LAWYER Lito Astillero said enrollment in his school, Lyceum of Cebu, dropped after news of the lot donation became public. He didn’t cite figures though.
He said students were afraid of expecting ghosts (moo-moo”).

The school is located below the proposed burial site.


“If you push through, I am afraid that our school will have to shut down,” he said.

The Lyceum of Cebu enrolls pre-school to college students.


Councilor Margot Osmeña reminded the lawyer he was dealing with wrong notions.

“As an educator, isn’t that your responsibility to correct the misconception?” she asked.

Councilor Ronald Cuenco cited the example of Angelicum, a private cemetery across the Sacred Heart School-Ateneo de Cebu school in Canduman, Mandaue City.

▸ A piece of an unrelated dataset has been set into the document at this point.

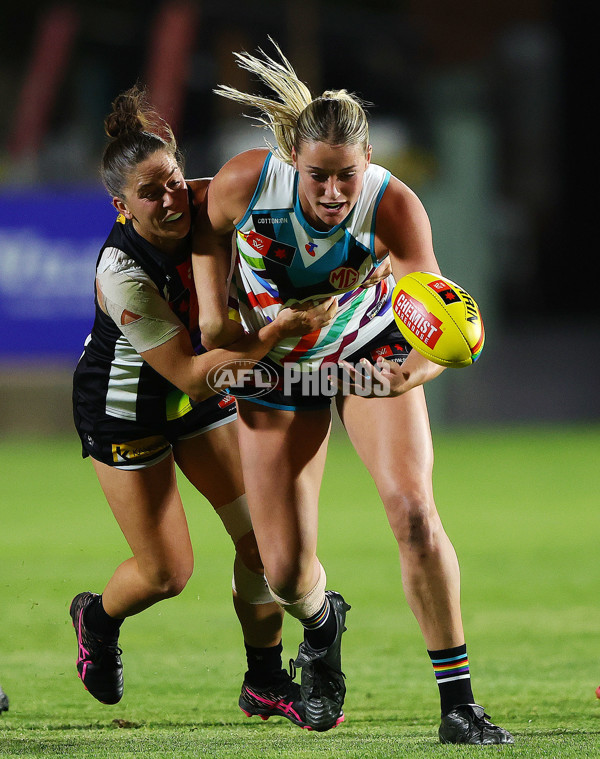 AFLW 2024 Round 07 - Port Adelaide v Collingwood - A-55221668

Students never complained of having seen ghosts there, he said.


Lahug barangay councilor Mary Ann delos Santos said that while the Osmeña Shrine was classified as a “rural residential” area, its tax declaration described it as “agricultural land” used as a cornfield.

She said the lot falls within her barangay and is zoned as “rural residential.”

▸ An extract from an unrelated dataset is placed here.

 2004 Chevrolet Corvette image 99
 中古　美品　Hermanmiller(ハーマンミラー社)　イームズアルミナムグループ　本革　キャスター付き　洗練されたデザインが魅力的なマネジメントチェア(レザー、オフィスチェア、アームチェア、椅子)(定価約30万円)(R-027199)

“The city cannot be arrogant to violate its own zoning,” she said.


She also told the council that it was illegal to allow a sectarian group to use a government property.

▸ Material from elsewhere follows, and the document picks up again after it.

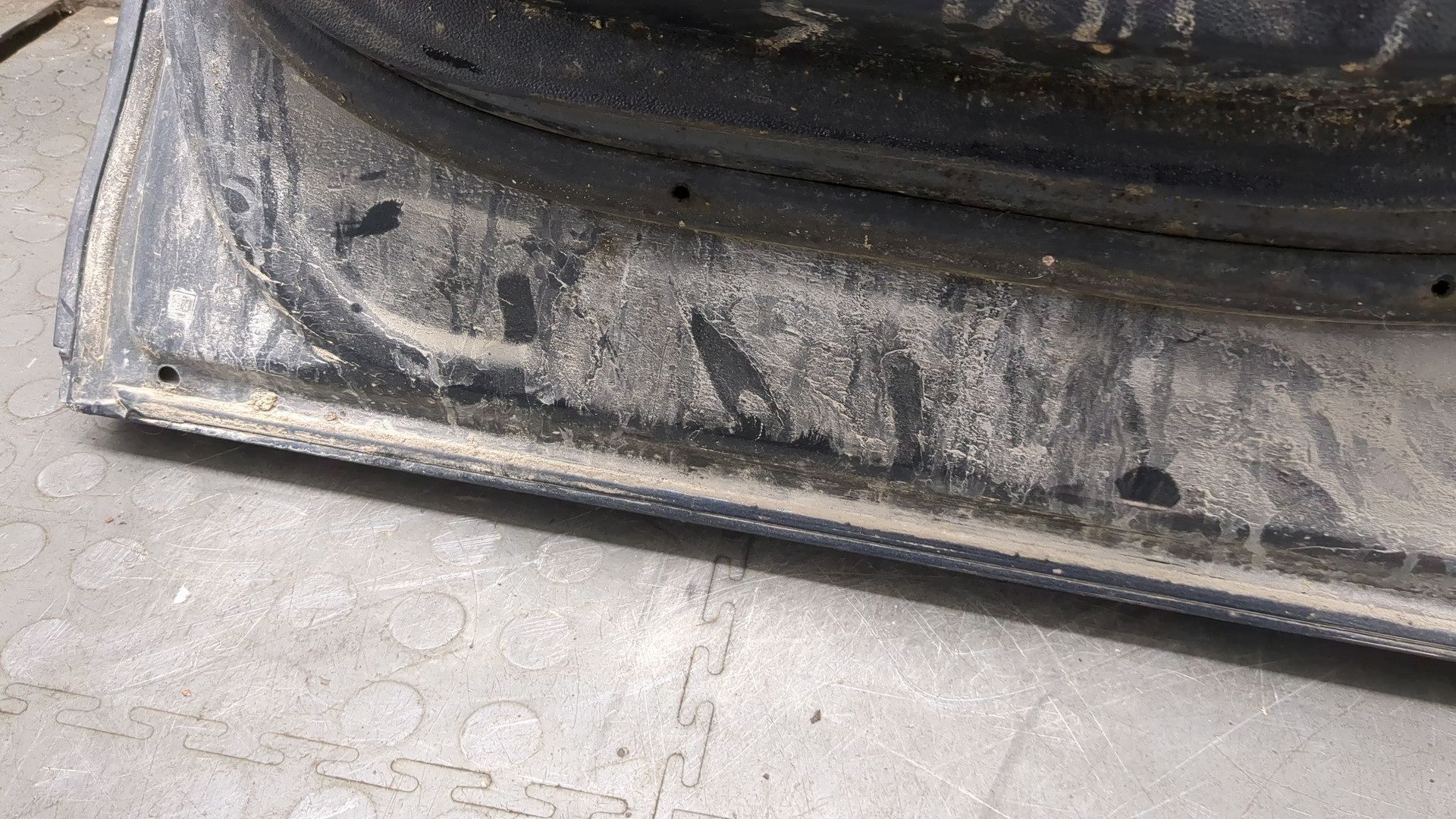 Дверь задняя правая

“This is a violation of the constitution which provides for the separation of church and state,” she said.

On residents fears, she pointed out that the Sanitary Code requires cemeteries to be located at least 25 sq. meters away from residential areas.

“Its donation (in May 2010) was only advantageous to officials who were seeking reelection then. The act of donating during the election period was within the election ban,” she said.

She said if Lahug had been told about the lot donation, it would have held a public consultation.

She said Beverly Hills residents alerted Lahug officials only recently about the use of the Osmeña Shrine.

Delos Santos was reminded to keep to her three-minute time limit for remarks.

Councilors then had Delos Santos’ mention of the May 2010 election and “arrogance” struck off the secretariat’s records.
The barangay captain walked out of the session hall immediately after that.


Edmundo Vinzon, head of the Villa Remedios Homeowners Association, said that a cemetery may restrict the road network and prevent economic growth.
Councilor Alvin Dizon asked Vinzon if he has seen the development plan for the proposed cemetery.

Vinzon said “no.”

“Then why do you conclude that trees will be cut down?” Dizon asked.

Dizon also asked if Vinzon has a study to back his claim of water contamination. Vinzon answered with another “no.”


Rep. Osmena said he can understand the distaste for living near a cemetery.

He said his own mother objected when he decided to allow Cosmopolitan funeral homes to operate in Nivel Hills. His mother had wanted to build a house near the area.

“I just said that we cannot have a city that will ban cemeteries like landfills. Where will the people put its dead and garbage if we do not have a cemetery and landfill?”

Osmena said donating city land for a cemetery wasn’t new to him.

When he was mayor, the city donated two hectares in the mountain barangay of Guba for a Muslim cemetery.

The benefit, he said, was cooperation.

“We already see that the Christians and the Muslims are in harmony because we gave them a cemetery in the mountains,” he said.

Osmeña said the city has nothing to lose with the donation of the Osmeña Shrine lot because it has remained idle.

“Your city is not only a city government fort the Catholics. In a democracy the majority rules, but the minority also have rights. It is a responsibility of the city to protect the minority and to make them part of the community and not to be treated as second class,” he said.